L.H. Thomson, a company that specializes in titanium machining for the aerospace industry, progressively addressed these issues head-on. By implementing JM Performance Products, Inc. patented High Torque retention knobs they were able to overcome a critical design flaw inherent in CNC V-Flange tooling—eliminating the toolholder expansion responsible for costly and ongoing CNC milling and boring issues.
Aerospace Milling/Production Challenge
Since 1981, L.H. Thomson has been a leader in creating aerospace parts and assemblies through CNC precision manufacturing. Their lean manufacturing focuses on monolithic commercial aircraft components utilizing demanding aluminum, titanium, hi-temp alloys, stainless steel, high nickel, copper, plastics, and composites.
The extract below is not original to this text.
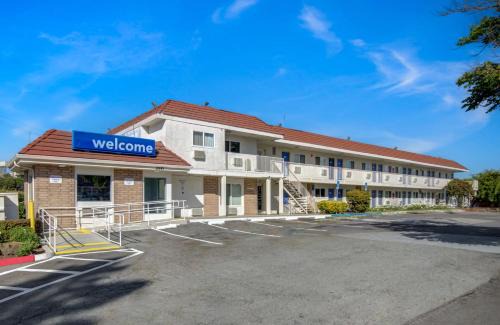 North San Jose Hotel | Motel 6-San Jose, CA - Airport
Manufacturing these exotic materials creates a unique set of production machining challenges when considering that high speeds, typically in excess of 20,000 RPMs, are often required.
As L.H. Thomson experienced steady growth in the late 2000s, aerospace production at these unheard-of rates of speed began to result in critical damage to expensive workpieces on their Makino and Fadal machining centers. Notably, during a heavy milling operation, a retention knob failed during the operation on a Makino a51 horizontal machining center and the toolholder was ejected out of the machine spindle at 12,000 RPMs which resulted in excessive damage to the spindle, tool holder, cutting tool, workpiece, and machine.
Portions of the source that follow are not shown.